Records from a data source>
________________________________________
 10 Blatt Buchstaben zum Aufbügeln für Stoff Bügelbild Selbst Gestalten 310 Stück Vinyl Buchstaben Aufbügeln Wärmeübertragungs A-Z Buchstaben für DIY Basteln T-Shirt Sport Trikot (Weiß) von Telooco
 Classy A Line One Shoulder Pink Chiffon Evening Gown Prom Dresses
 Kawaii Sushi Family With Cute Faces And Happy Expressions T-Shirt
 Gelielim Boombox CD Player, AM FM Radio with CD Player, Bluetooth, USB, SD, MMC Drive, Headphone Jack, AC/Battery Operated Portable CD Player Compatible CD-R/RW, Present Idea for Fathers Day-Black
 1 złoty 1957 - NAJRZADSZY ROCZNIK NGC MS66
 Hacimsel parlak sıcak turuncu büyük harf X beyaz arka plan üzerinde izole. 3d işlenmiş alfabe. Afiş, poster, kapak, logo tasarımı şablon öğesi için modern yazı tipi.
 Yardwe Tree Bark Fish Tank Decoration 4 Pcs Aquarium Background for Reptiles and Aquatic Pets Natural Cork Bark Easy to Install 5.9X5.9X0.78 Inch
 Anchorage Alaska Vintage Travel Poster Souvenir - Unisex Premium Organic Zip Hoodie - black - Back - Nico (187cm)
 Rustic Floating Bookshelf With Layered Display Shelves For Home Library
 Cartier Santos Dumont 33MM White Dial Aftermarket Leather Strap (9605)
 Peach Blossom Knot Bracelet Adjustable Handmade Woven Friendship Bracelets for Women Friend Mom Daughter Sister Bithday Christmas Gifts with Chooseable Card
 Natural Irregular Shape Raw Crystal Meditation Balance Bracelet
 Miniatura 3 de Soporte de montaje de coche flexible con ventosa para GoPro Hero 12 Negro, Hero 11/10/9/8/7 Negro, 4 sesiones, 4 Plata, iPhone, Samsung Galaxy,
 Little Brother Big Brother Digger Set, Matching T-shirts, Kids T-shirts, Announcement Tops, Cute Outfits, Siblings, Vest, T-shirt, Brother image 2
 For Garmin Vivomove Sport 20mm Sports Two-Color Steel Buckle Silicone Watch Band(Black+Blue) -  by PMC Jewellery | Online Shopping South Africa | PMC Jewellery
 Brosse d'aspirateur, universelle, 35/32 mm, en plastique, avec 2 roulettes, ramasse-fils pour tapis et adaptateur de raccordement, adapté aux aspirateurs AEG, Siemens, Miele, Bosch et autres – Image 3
________________________________________
Activity> Lines from the records above that hold "Cute" are the ones to list.

Written solution>
 Kawaii Sushi Family With Cute Faces And Happy Expressions T-Shirt
 Little Brother Big Brother Digger Set, Matching T-shirts, Kids T-shirts, Announcement Tops, Cute Outfits, Siblings, Vest, T-shirt, Brother image 2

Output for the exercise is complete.